それに先日の学院の裏庭では、取り巻きの令嬢たちがミレイさまに詰め寄っていたのを止めていたではないか。
アデラインさまは一瞬、思いがけない言葉を聞かされたように目を丸くし、ややあってから、
「そう言ってもらえるなんて……」
とほころぶように笑う。
わたしが男性なら、思わず恋に落ちてしまいそうな笑みだった。
(ぐ──っ!)
わたしは胸を押さえる。
「そうね、誰かを陥れるなんてことはしたくないわ。それにほかのご令嬢にそこまで嫉妬するほど、ベイジル殿下をお慕いしているかと言われると、どうかしら……」
それはアデラインさまの本心に思えた。
「あれ? じゃあ、断罪されるなんてことにはならないのでは? むしろベイジル王太子殿下と正式に婚約されていらっしゃるのはアデラインさまなのですから、非があるとするならば殿下とそのご令嬢なのではないのでしょうか?」
そこまで言ってから、わたしはハッと口を両手で押さえる。
(──言い過ぎた! 非があるのが王太子殿下だなんて、不敬罪に処されてもおかしくない!)
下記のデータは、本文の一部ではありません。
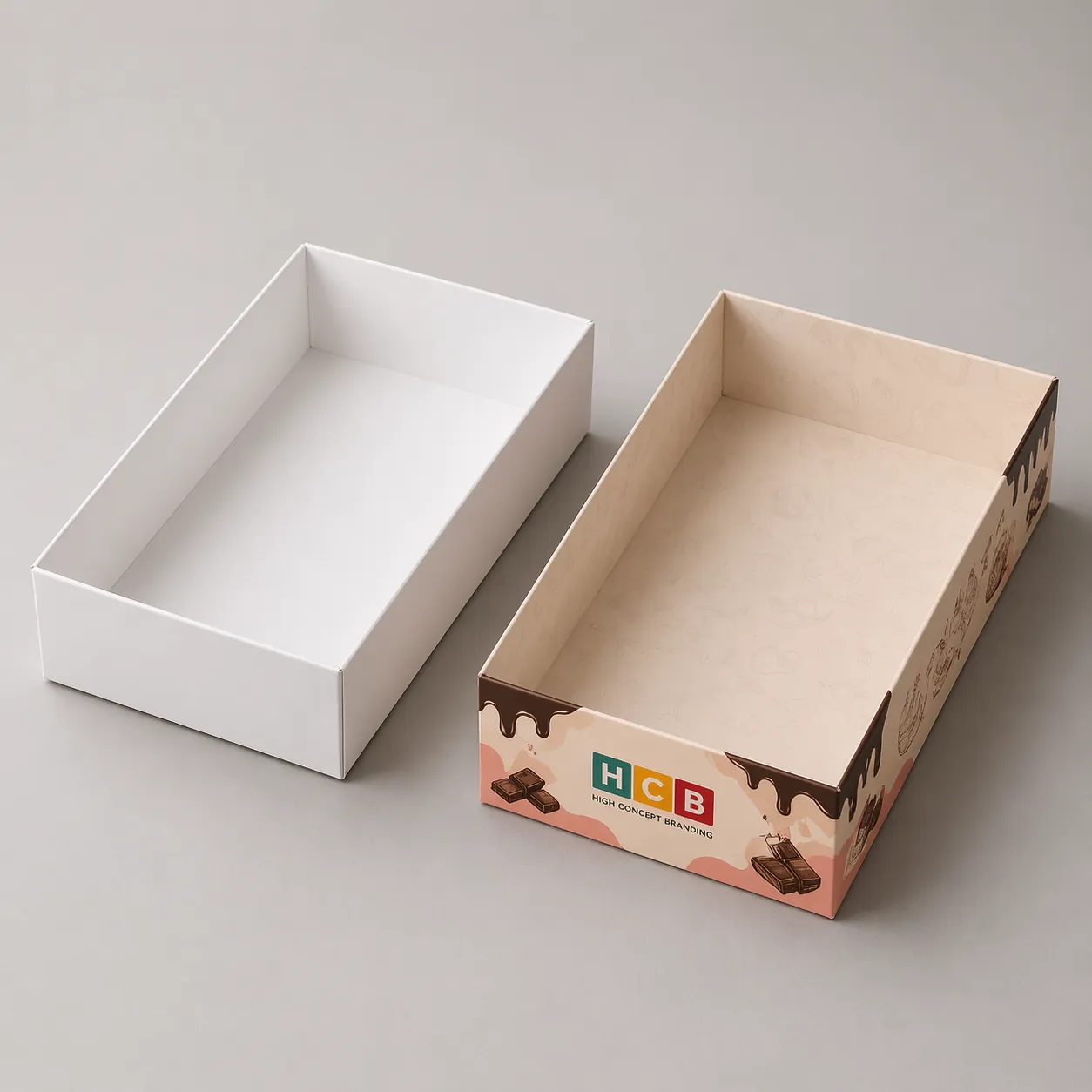 Two shallow cardboard trays, one plain white and one with elegant chocolate themed branding designs. class=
すると、アデラインさまは「ふふっ、とても率直な意見ね」とさもおかしそうに笑う。
こうして見ると、いつもの気高くて近寄りがたい雰囲気はまったくない。どこにでもいる令嬢だ。
しかしアデラインさまは、ふと不安げに瞳を揺らす。
「わたくしもそう思ってはいるけれど、何があるか本当にわからないの。これまでベイジル殿下との婚約だって、学院への入学だって、ほかにも色々回避しようと試みたけれど、結局は無理だったもの。小説の物語どおりに進ませようとする強い力が働いているのかもしれないわ……」
その何か得体の知れないものを予見させる物言いに、わたしはわずかに寒気を覚える。
「それに……」
アデラインさまは何か言いかけたが、逡巡するようなしぐさのあとで口をつぐんだ。
しばらく待ってみたが、口を開く様子はなかった。
無理に尋ねようとも思わないので、わたしは代わりに話しを続けるため、ほかにも気になっていたことを尋ねる。
「……では、もし仮にアデラインさまが知る未来どおりになるとしたら、断罪されるのは半年後の夏の半ばに行われる、ベイジル王太子殿下やアデラインさまたちの卒業パーティーになるんですね?」
なぜアデラインさまが『卒業パーティーまで』と明確な時期を口にしたのか不思議だったが、そういう事情があったのだ。
アデラインさまは頷く。「ええ、それさえ回避できれば、おそらく大丈夫だと思うの」
わたしは、なるほど、とつぶやいたあとで一呼吸置いてから、さらに最も気になっていたことを訊く。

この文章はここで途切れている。